Some insurers still trying to avoid ARP contributions despite previous July revisions

The Solicitors Regulation Authority (SRA) has rewritten the rules around solicitors’ professional indemnity insurance yet again after concerns some underwriters were exploiting loopholes to save money.

The SRA initially published a rewritten rule book – the Qualifying Insurers Agreement (QIA) – in July to tackle complaints that some insurers were not paying their fair share of the Assigned Risk Pool (ARP) costs. But the SRA changed the document again this week after realising insurers have found another loophole to avoid some ARP payments.

The ARP is the safety net for law firms that can’t get insurance on the open market, with claims costs shared out according to insurers’ market share.

“Bearing in mind the well-publicised minimisation techniques used last year and the SRA’s attempts to level the playing field, it is extremely frustrating that any insurer would use small loopholes in the rules to try, yet again, to avoid legitimate ARP contributions,” Clear Insurance Management professional risks director Daniel Innes said.

An SRA spokesman said: “We have recently become aware of a gap in the QIA regarding the declaration of relevant premium income connected with multi-year policies, which could unfairly skew the ARP percentage participations for 2011/12.”

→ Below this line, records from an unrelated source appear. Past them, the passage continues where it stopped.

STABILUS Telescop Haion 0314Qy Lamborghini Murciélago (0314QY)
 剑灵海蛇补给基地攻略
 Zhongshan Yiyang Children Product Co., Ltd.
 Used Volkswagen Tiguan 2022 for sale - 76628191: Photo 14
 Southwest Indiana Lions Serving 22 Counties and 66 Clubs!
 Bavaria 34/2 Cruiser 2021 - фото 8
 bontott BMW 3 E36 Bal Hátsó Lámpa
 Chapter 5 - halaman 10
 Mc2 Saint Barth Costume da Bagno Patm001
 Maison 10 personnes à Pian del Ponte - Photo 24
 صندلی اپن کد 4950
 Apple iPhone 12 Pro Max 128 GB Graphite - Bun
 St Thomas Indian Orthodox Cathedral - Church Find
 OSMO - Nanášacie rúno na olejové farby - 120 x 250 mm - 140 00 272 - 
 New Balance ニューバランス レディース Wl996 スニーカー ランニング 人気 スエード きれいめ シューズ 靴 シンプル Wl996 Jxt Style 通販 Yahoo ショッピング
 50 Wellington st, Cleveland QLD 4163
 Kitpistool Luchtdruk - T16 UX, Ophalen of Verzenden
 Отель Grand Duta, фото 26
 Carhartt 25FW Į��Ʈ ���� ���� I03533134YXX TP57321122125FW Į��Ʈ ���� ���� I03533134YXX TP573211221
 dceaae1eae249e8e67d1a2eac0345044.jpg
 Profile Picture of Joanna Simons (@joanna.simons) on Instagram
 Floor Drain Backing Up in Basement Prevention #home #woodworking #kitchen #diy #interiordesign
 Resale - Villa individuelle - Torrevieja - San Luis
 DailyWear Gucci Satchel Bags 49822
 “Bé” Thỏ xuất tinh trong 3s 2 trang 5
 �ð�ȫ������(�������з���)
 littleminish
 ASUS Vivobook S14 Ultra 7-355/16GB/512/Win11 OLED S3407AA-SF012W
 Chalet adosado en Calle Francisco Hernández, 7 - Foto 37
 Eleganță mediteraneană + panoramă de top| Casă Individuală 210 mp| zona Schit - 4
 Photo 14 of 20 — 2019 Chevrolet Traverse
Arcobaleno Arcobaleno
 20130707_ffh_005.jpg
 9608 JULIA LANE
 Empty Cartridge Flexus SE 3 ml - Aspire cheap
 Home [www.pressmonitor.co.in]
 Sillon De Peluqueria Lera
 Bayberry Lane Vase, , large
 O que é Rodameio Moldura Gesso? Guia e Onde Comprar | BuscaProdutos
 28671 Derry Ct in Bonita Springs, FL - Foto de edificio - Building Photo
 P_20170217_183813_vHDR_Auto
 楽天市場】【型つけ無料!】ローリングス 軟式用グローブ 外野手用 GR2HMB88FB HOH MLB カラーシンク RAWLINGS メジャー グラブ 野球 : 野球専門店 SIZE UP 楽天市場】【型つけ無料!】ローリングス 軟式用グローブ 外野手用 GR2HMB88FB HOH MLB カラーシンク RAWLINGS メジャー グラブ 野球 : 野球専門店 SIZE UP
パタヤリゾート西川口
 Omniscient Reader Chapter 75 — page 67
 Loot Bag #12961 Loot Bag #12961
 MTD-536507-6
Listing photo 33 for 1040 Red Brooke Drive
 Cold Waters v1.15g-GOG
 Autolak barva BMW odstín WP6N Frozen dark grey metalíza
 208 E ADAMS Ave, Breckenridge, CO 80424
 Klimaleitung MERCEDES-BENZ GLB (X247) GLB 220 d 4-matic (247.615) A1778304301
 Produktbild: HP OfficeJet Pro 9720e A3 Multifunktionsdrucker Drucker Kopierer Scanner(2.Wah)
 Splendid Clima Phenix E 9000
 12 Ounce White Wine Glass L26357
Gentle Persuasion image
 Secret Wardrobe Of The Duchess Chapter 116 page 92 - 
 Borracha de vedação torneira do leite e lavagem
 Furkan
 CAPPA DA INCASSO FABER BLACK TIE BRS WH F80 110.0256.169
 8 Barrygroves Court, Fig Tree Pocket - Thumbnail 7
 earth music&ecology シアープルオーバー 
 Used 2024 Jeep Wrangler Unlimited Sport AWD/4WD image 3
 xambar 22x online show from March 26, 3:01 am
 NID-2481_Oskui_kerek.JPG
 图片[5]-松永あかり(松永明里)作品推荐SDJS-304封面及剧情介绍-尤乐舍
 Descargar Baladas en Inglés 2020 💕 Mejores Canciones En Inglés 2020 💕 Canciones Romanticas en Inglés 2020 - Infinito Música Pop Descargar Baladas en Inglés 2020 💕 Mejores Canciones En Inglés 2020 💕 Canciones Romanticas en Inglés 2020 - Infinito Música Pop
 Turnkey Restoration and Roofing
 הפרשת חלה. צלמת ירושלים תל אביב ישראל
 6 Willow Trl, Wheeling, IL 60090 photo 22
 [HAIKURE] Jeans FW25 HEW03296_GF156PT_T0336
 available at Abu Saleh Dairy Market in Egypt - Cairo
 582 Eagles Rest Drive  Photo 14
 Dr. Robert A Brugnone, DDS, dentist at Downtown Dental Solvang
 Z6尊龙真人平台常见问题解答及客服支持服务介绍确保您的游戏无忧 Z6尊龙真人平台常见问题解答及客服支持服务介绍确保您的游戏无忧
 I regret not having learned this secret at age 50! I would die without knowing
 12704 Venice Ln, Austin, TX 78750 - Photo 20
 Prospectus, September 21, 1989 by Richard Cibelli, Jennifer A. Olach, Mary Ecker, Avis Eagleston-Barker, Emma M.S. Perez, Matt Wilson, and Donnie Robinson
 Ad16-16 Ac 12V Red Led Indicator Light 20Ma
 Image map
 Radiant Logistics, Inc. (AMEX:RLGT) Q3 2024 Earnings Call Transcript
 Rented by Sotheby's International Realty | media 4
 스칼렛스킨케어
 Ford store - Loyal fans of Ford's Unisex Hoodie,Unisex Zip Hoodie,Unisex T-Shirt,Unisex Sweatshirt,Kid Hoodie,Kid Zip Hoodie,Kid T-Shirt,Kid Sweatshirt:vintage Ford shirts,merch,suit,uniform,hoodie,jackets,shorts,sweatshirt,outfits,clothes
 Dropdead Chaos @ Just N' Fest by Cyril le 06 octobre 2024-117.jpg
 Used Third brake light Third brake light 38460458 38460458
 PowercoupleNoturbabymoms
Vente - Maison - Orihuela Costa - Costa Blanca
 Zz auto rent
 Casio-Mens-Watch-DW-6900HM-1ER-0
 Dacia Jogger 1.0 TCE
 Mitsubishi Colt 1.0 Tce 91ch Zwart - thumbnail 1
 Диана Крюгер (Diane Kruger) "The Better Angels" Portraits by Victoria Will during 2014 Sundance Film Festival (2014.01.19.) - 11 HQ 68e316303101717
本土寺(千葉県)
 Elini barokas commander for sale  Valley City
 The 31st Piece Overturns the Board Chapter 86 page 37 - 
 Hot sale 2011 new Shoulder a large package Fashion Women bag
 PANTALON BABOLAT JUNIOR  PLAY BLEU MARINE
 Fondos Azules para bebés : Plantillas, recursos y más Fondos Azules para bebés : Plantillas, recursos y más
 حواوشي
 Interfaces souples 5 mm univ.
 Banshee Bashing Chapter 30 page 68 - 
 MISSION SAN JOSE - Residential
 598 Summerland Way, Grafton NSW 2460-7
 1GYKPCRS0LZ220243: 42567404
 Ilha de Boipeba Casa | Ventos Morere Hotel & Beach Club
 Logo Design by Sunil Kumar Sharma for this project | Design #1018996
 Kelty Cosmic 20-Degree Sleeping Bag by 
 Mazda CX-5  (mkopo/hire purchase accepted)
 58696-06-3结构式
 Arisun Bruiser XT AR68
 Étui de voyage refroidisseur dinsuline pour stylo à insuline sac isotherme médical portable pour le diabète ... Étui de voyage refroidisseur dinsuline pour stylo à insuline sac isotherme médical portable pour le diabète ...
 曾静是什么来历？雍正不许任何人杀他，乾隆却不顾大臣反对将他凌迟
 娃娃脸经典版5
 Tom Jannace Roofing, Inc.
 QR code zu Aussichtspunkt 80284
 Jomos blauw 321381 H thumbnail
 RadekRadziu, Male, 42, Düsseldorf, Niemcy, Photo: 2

The SRA acted after some insurers realised that they could reduce ARP costs for the 2011/12 year by receiving premium for policies between 31 January and 30 September 2011. Under the old QIA wording, premiums received by insurers in this time would not need to be declared for ARP purposes.

One industry source estimated £2m-£3m of business had already been written using this tactic.

UIB divisional director Simon Lovat said: “It’s a pity that the SRA were unable to foresee the potential loopholes they were creating in their original agreement.”

Pass notes: Minimisation techniques

Which minimisation tactics were used last year?

Some insurers would squeeze large amounts of premium into policy layers that did not need to be reported to the SRA. Another tactic was to sell a law firm a policy with a large excess, then sell a second infill policy to cover the cost of the excess. The infill policy did not need to be reported.

Why would insurers use them?

ARP costs can be very expensive for qualifying insurers. The ARP has had an average 800% loss ratio since it was started in 2000, according to a Lockton report.